From the line containing "Preity Zinta" through the last line of the entries below, transcribe each line exactly, excluding any picture.

-- -- --

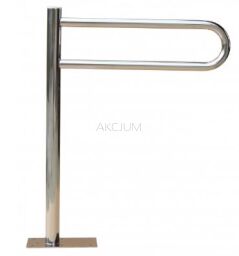 Uchwyt stały mocowany do podłogi 60cm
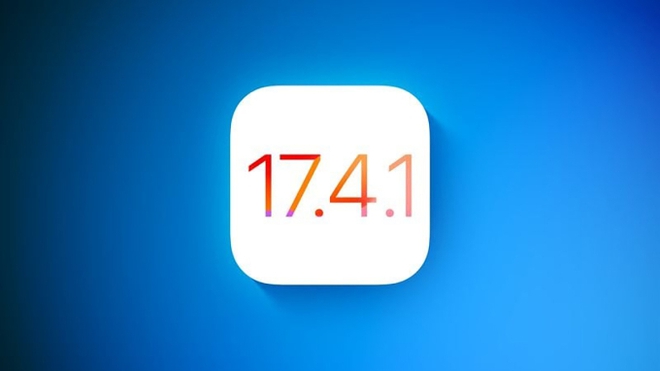 iOS 17.4.1 đã cho tải về: Là bản cập nhật bảo mật quan trọng, người dùng nên cài đặt ngay! - Ảnh 2.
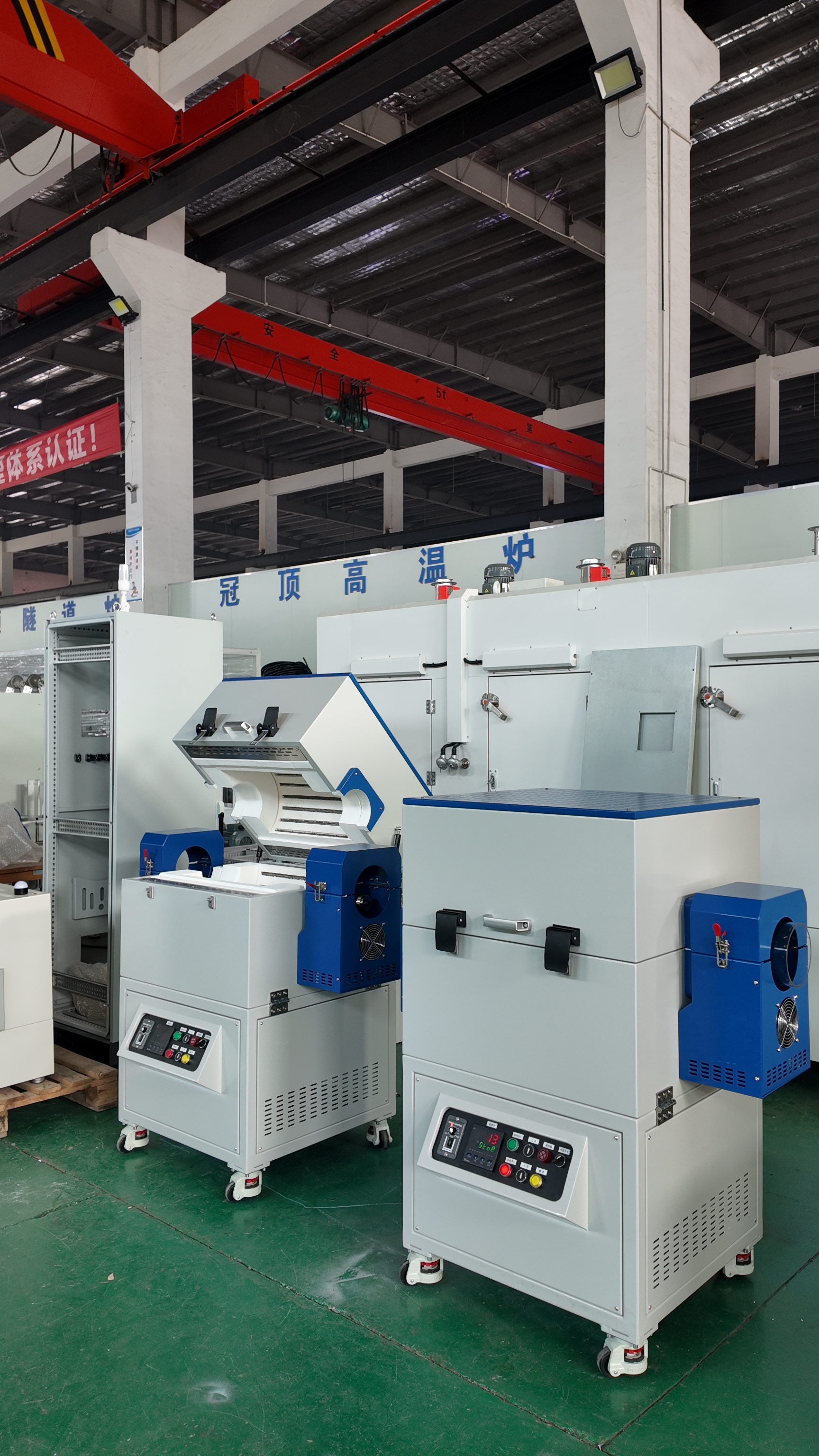 الدقة والأداء: الدور الأساسي في أفران الأنابيب في الصناعة الحديثة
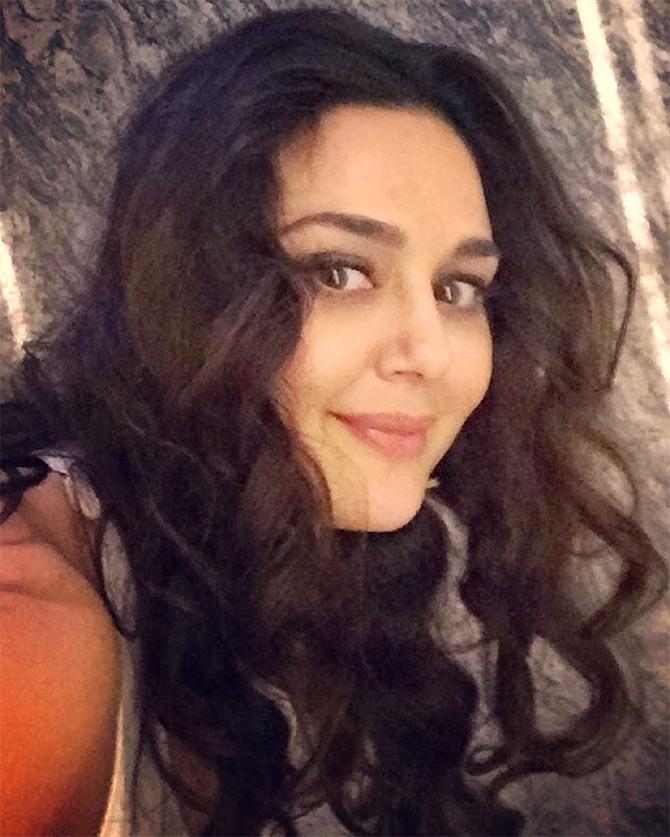 Preity Zinta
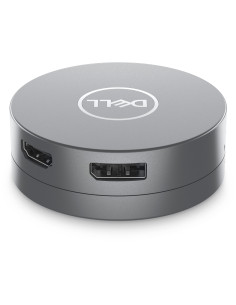 DELL Adaptador multipuerto USB-C 6 en 1   DA305 2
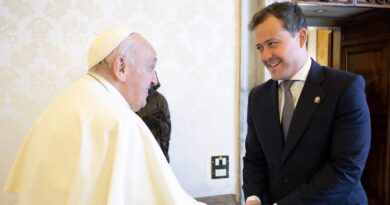 Toledo lamenta el fallecimiento del Papa Francisco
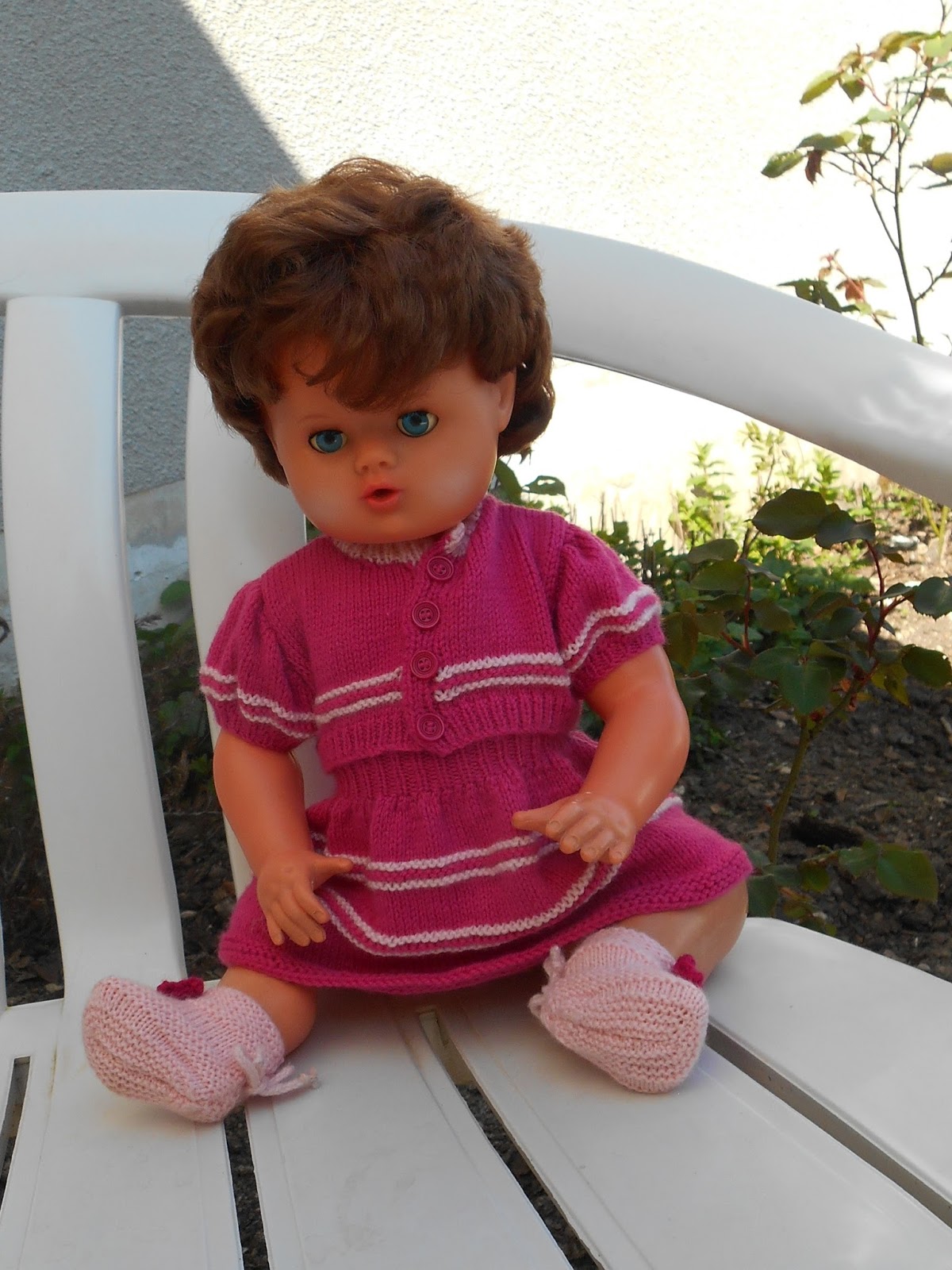 poupon chouchou bello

-- -- --

Answer for this exercise ->
 Preity Zinta
 DELL Adaptador multipuerto USB-C 6 en 1   DA305 2
 Toledo lamenta el fallecimiento del Papa Francisco
 poupon chouchou bello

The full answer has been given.